This feature is now a candidate for 16.4 at the earliest as we still need to refine the implementation proposal.
Description
Allow configurable after_script timeouts so that post script cleanup can be done here even when it takes longer than 5 minutes.
This can be nice for semantically breaking up when things happen but also if you want something to always run even if the script failed but it takes more than 5 minutes.
I'm currently just moving it into a script action because I don't really need it to fire on failure (waiting for an ECS deployment to finish draining previous tasks).
Proposal
The after_script timeout is currently hardcoded to 5 minutes. It would be nice to make this optionally configurable just like the main script actions are.
In the original issue raised about adding after_script it was noted that this was planned to be some arbitrary timeout with a later configuration option
Links to related issues and merge requests / references
We have rather heavy test environment tear-down actions (shutdown WebLogic server, collect all logs) followed by upload of test execution reports (500MB) to a dedicated server which needs longer to complete.

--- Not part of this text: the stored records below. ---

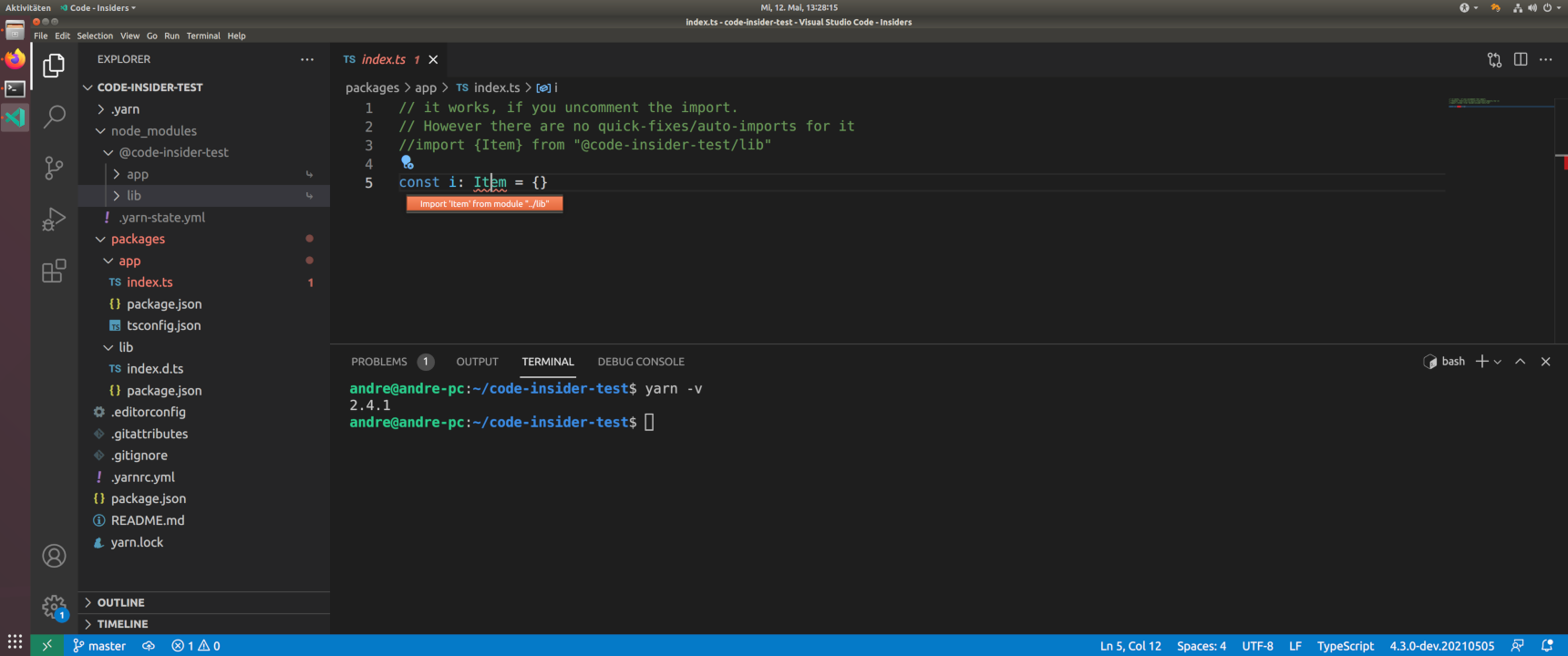 ts+yarn workspaces relative import preferred over node_module imort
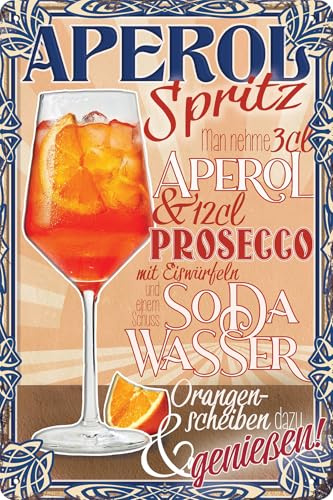 30 x 20 cm - Retro Blechschild, Bar Schild, Cocktail Rezept, Summer Feeling - Aperol Spritz - Prosecco (Rezept bunt)
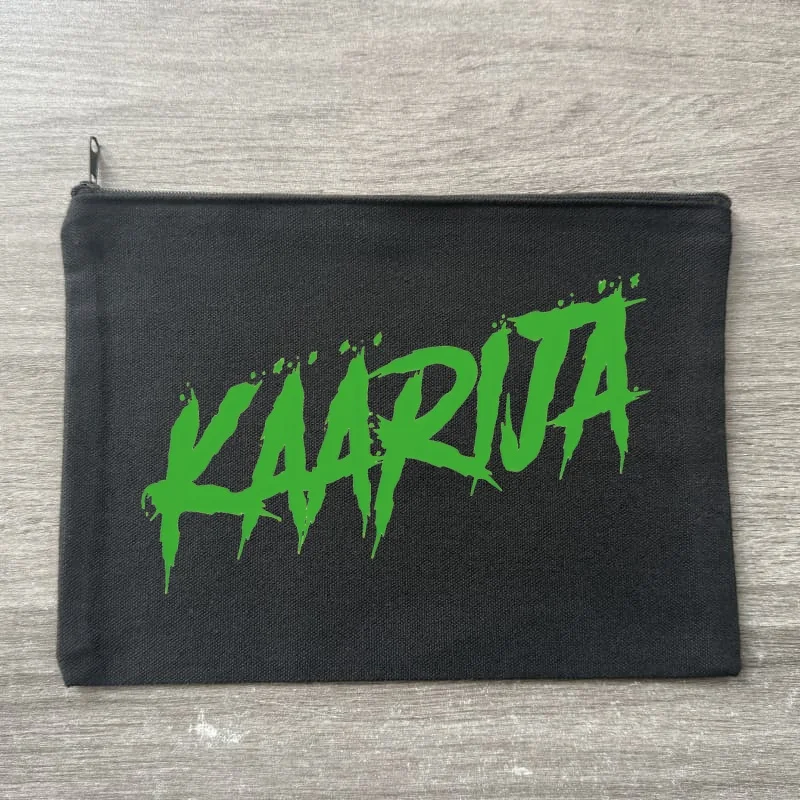 

Kaarija Cha Cha Cha Canvas Makeup Bag Portable Travel Black Cosmetic Bag with Zipper Lightweight Female Coin Pouch Women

P.S.: the fact that after_script timeout is not reported in anyway by the Runner makes the issue that much harder to pin down
The fact that the 5 minute limit is not mentioned in the documentation and especially that no error message is shown anywhere is really a showstopper...
Guys, it's a real flaw, that this limitation is not mentioned in the doc and there is no error message, when after_script killed by timeout. Please, make the option configurable, properly document or, at least, throw an error/warning that task is killed due to timeout. I've spent few days already trying to figure out, why the script is randomly stopped...
This is a 2 years open bug and to be honest I am frustrated with gitlab easy to fix bugs which are just pushed aside in favor of chasing trending tools.
The solution can be in 2 phases
change it to 20 min.
later add configurable option even tough the solution is not a hard coding task .
@steveazz I just saw you talking about this very topic on another issue. I understand the limit is 5 minutes because the after_script is meant for a cleanup rather than a large planned set of work. What are your thoughts on just increasing the maximum a small amount? cc @joshlambert
I'm not sure if increasing will be ideal, as pointed out the after_sciprt should be only used for cleanup/deleting anything that the job created, it shouldn't be used for anything else. I'm not sure I understand the need of having it higher to just delete environments/cleanup. after_script is also called on failures, now if a job failed that means either the user's code is wrong or something is wrong with the environment if something is wrong with the environment the after_script is most likely just going to timeout as well because it would hang, which just lead to cascading problems because the pipelines take longer to fail and the queues are backed up, now even if we allow the customer to configure this it's just going to cause them the same problems. Having configuration also leads to problems that we specify in https://about.gitlab.com/handbook/product/#convention-over-configuration
I'm really curious why users require after_script to be longer then 5m what is so big about their cleanup that needs more than 5 minutes? Why does a customer need more then 5 minutes to delete files and clean up the environment?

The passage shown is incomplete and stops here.